To a Brooklyn-based technology journalist, it’s a most delicious alphabet soup: NYC’s AT&T LTE 4G.
New York will be getting the faster network service this month, the company recently announced. (I spotted the news via VentureBeat, via the Washington Post.) By the end of the year, some 70 million people will have LTE service under AT&T, per the company. (Verizon, meanwhile, has 160 million people covered.) For anyone to have LTE 4G at all is a fairly recent development for AT&T customers; it launched in five cities–Houston, Dallas, San Antonio, Chicago, and Atlanta–in September. As of a few days ago, it went live in San Francisco; then it flickered on in LA.

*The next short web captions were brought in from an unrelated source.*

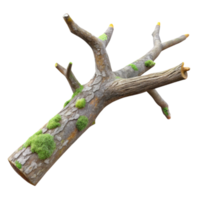sumptuous celebrated Concept art style, isolated cutout of a single, decaying tree branch with visible bark texture and lichen growth with Transparent Background png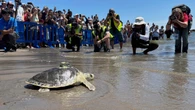 Pancake the sea turtle released back into the Atlantic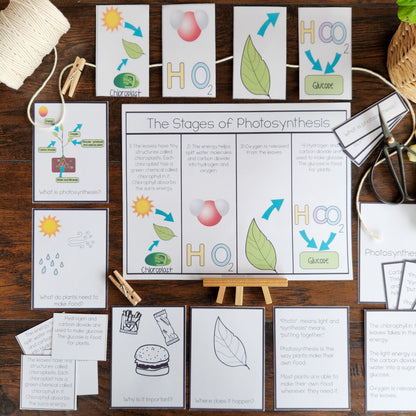 Montessori Photosynthesis Activities for Cosmic Education & Botany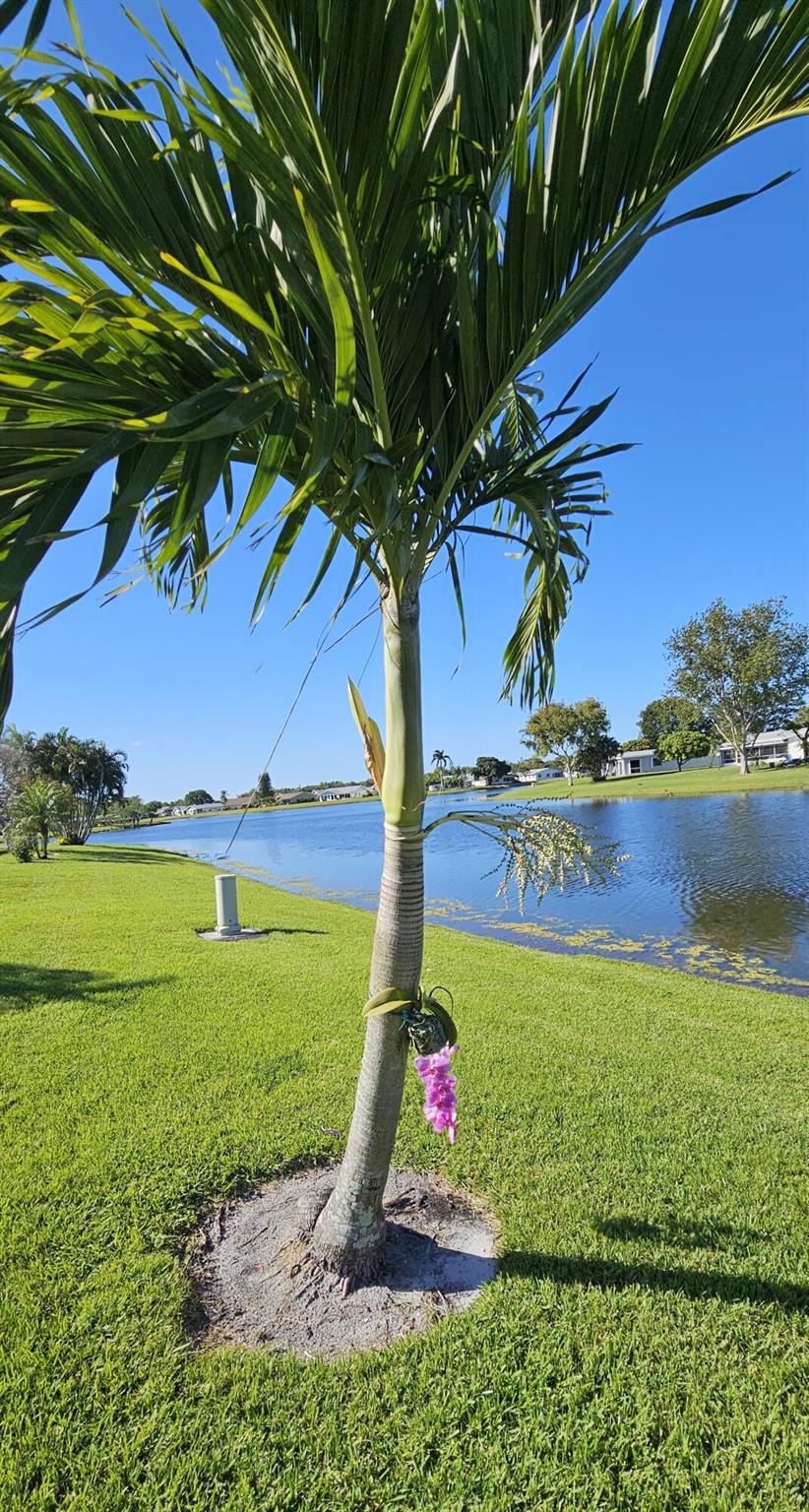 CYPRESS LAKES 2 - Residential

Everything 4G LTE-related is, for the time being, unfortunately pricey. HTC and AT&T’s LTE-enabled tablet launched with a price of $700. AT&T plans to charge $50 per month for 5GB of LTE data; each additional GB will run another 10 bucks. Verizon’s LTE smartphones are among the most expensive in their lineup, too, says VentureBeat.
Why is 4G LTE exciting, from any provider? Well, because it’s faster. AT&T actually has a pretty good breakdown of 4G-related questions. My favorite might be this post, largely for its title: “More Than One Acronym for Speed.” Other FAQ’s include: “What is 4G?” “What is HSPA+?” “What is LTE?” And the biggest tongue-twister of all: “What types of speeds should I see on 4G LTE/HSPA+ with enhanced backhaul?”
Spit out the alphabet soup: it all comes down to speed. Though she heavily caveats her post in which she test-drives AT&T’s 4G LTE in San Francisco, CNET’s Jessica Dolcourt is tentatively impressed, saying “the speeds look promising at their fastest, mostly sticking to the 14 or 15Mbps range for downloads, with spikes into the 30Mbps range and a rock-bottom outlier of just 0.75Mbps.” She had better results with a LG Nitro HD than she did with an HTC Vivid. Still, she concluded, “signs point to LTE as a significantly faster 4G service in San Francisco–at least in areas where signal is unobstructed and strong.” For some users, at some times, at least, downloads will be twice as fast as what they’re used to.
As a gadget-dependent New Yorker currently tethered to 3G, that’s music to my ears.